INSTRUCTIONS FOR THE TASK ▸ Could the entries below be transcribed word for word, with the pictures omitted?

(Collected data)
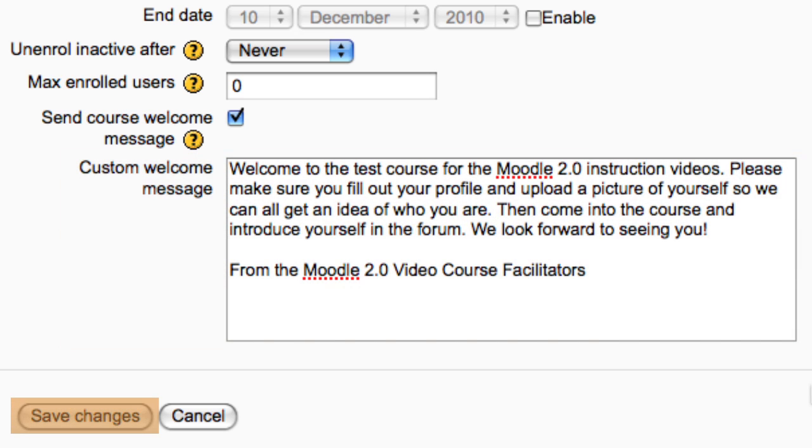Save Changes applies all these settings to your course. Students will now be able to enroll themselves.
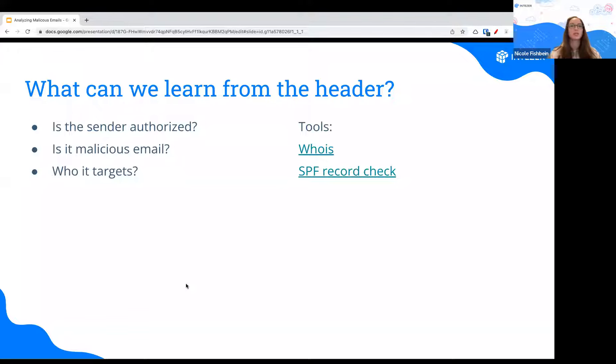That's why just looking at your mailbox, it's hard to detect a malicious email. That's why it's so important to go over the headers, dive deeper into the email itself, and understand what is going on under the hood.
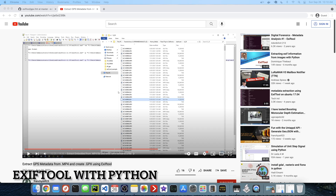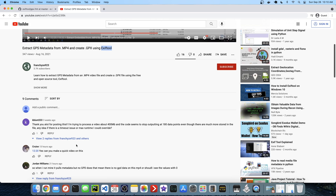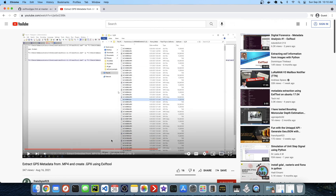Hey, what's up everyone? It's Franchise923 and I just wanted to make a follow-up to the video where we created a GPX file using ExifTool. ExifTool is a command-line tool we can download from the internet, and I briefly mentioned in that video how we can use it in Python. One of our viewers asked if we can make a video on this, so that's what I'm going to do. If you're interested in using ExifTool with Python, just keep on watching.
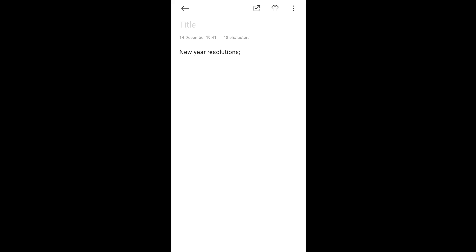Yeah, so give me some points to add based upon what I have written in my notes app. I see new year resolutions on your screen. You could consider adding goals like exercise regularly, learn a new skill, or spend more time with family. What do you think?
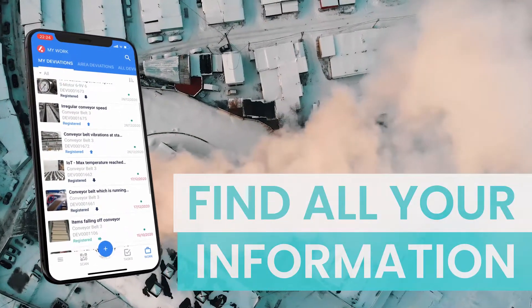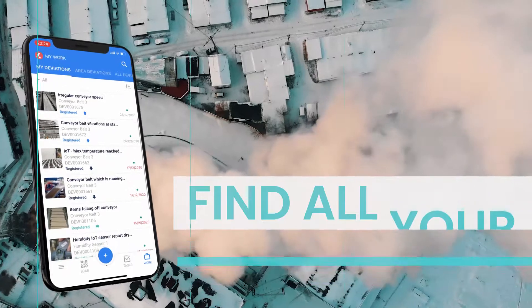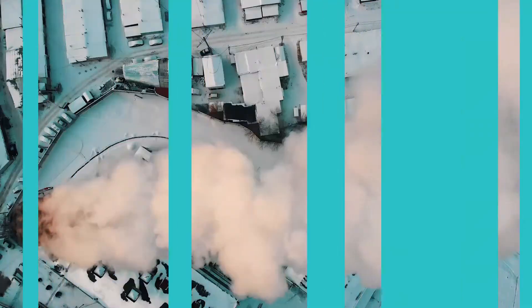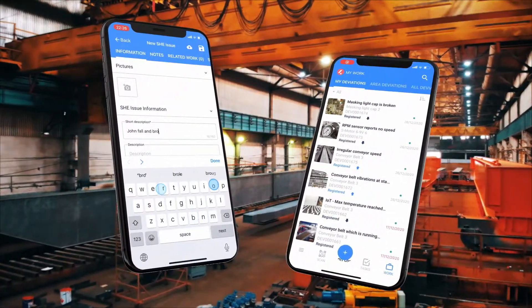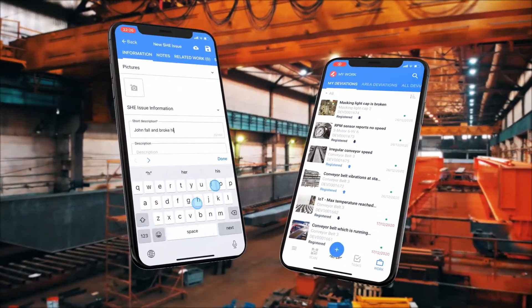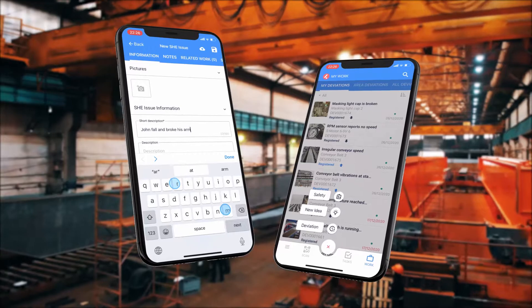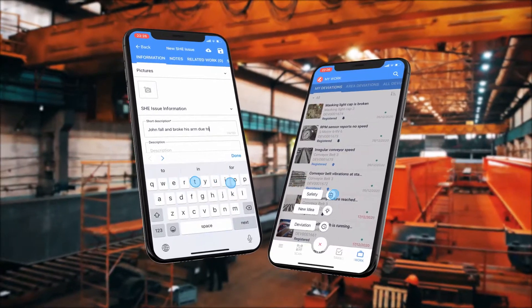It contains your tasks and knowledge articles, but also allows you to share information with your co-workers regarding safety issues or deviations.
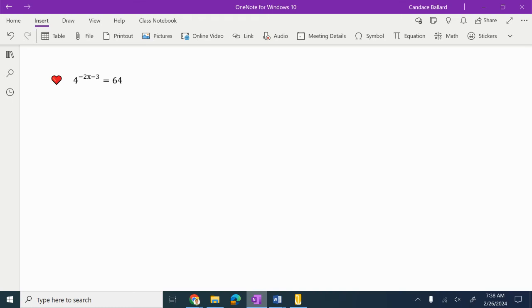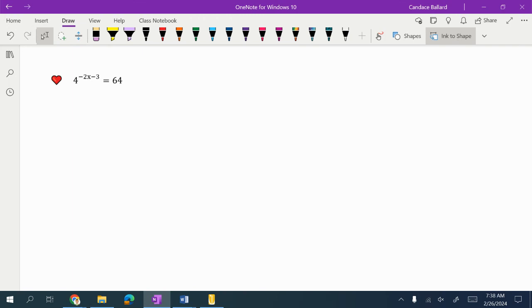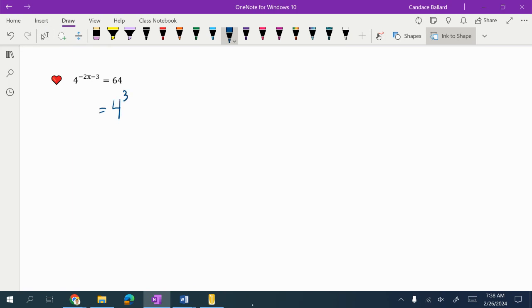Solve an exponential equation where we don't need logarithms. The first thing I notice, and I always look for, is to see if I can make my bases the same. I know another name for 64 is 4 cubed.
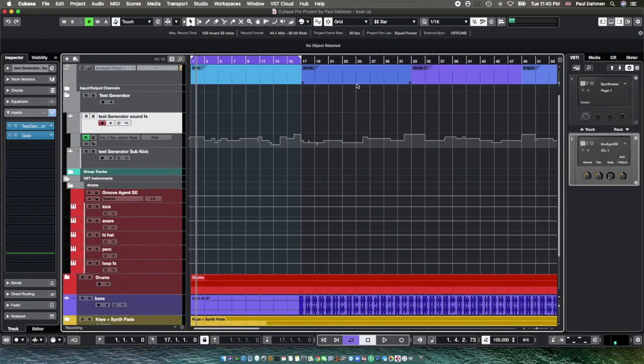Hello everybody, Paul Darman here. Can you use a test generator for sound design? Yes you can.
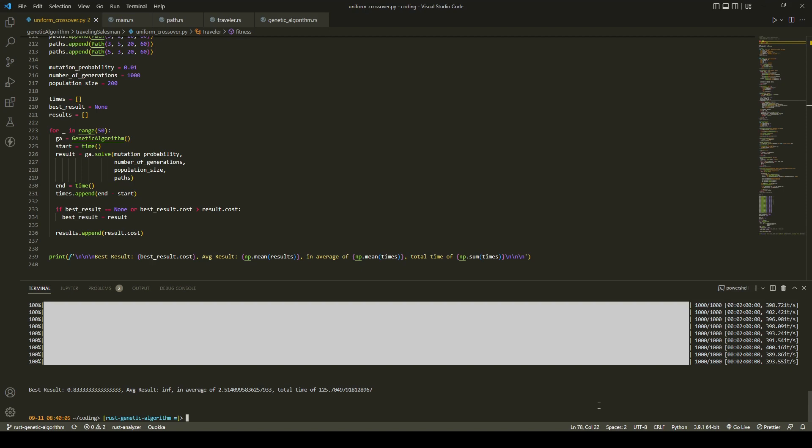Each run ran in an average of 2.5 seconds, and the program took a total time of 125 seconds, so a little over two minutes.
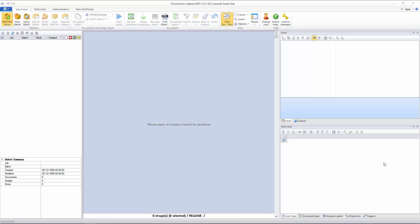Hello everyone, Gabriel here, and today we are going to learn how to create a database connection so we can then look up certain fields and map others inside ChronoScan.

COMPLETED EXERCISE ▸
Save Changes applies all these settings to your course. Students will now be able to enroll themselves.
That's why just looking at your mailbox, it's hard to detect a malicious email. That's why it's so important to go over the headers, dive deeper into the email itself, and understand what is going on under the hood.
Hey, what's up everyone? It's Franchise923 and I just wanted to make a follow-up to the video where we created a GPX file using ExifTool. ExifTool is a command-line tool we can download from the internet, and I briefly mentioned in that video how we can use it in Python. One of our viewers asked if we can make a video on this, so that's what I'm going to do. If you're interested in using ExifTool with Python, just keep on watching.
Yeah, so give me some points to add based upon what I have written in my notes app. I see new year resolutions on your screen. You could consider adding goals like exercise regularly, learn a new skill, or spend more time with family. What do you think?
It contains your tasks and knowledge articles, but also allows you to share information with your co-workers regarding safety issues or deviations.
Solve an exponential equation where we don't need logarithms. The first thing I notice, and I always look for, is to see if I can make my bases the same. I know another name for 64 is 4 cubed.
Hello everybody, Paul Darman here. Can you use a test generator for sound design? Yes you can.
Each run ran in an average of 2.5 seconds, and the program took a total time of 125 seconds, so a little over two minutes.
Hello everyone, Gabriel here, and today we are going to learn how to create a database connection so we can then look up certain fields and map others inside ChronoScan.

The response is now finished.